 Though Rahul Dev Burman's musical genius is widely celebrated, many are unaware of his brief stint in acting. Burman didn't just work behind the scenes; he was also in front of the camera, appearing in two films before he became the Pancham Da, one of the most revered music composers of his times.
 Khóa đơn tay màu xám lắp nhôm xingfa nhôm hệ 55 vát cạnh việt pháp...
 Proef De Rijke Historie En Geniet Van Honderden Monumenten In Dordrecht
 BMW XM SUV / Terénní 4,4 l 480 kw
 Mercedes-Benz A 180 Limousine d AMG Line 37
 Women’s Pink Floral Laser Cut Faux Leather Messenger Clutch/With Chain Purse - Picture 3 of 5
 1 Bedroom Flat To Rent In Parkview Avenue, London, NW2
---
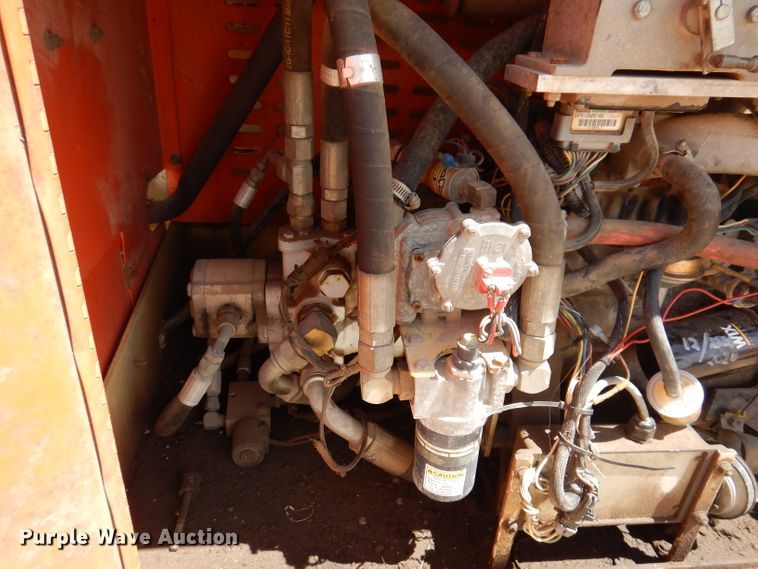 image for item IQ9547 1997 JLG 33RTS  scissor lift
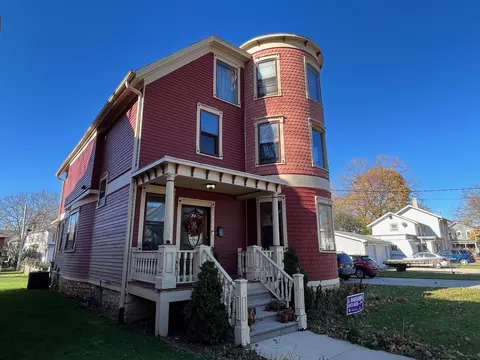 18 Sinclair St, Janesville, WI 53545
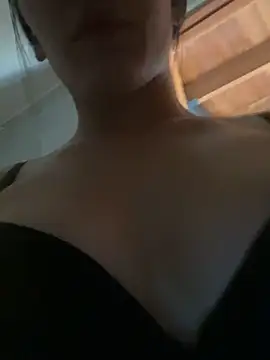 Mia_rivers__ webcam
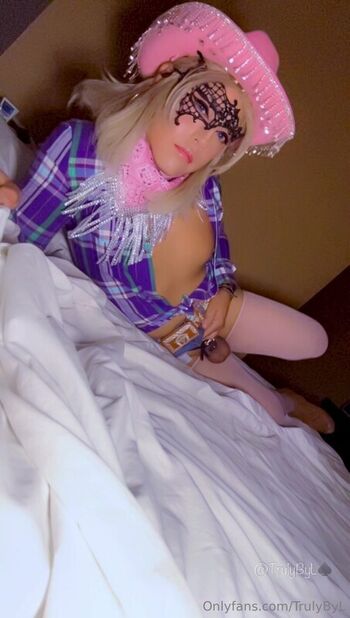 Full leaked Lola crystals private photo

■ **Task requirements**: From the line that has "Khóa đơn tay" through the line that has "1 Bedroom Flat", copy every line exactly as it appears above, and leave out all others.

■ **Your response**:
 Khóa đơn tay màu xám lắp nhôm xingfa nhôm hệ 55 vát cạnh việt pháp...
 Proef De Rijke Historie En Geniet Van Honderden Monumenten In Dordrecht
 BMW XM SUV / Terénní 4,4 l 480 kw
 Mercedes-Benz A 180 Limousine d AMG Line 37
 Women’s Pink Floral Laser Cut Faux Leather Messenger Clutch/With Chain Purse - Picture 3 of 5
 1 Bedroom Flat To Rent In Parkview Avenue, London, NW2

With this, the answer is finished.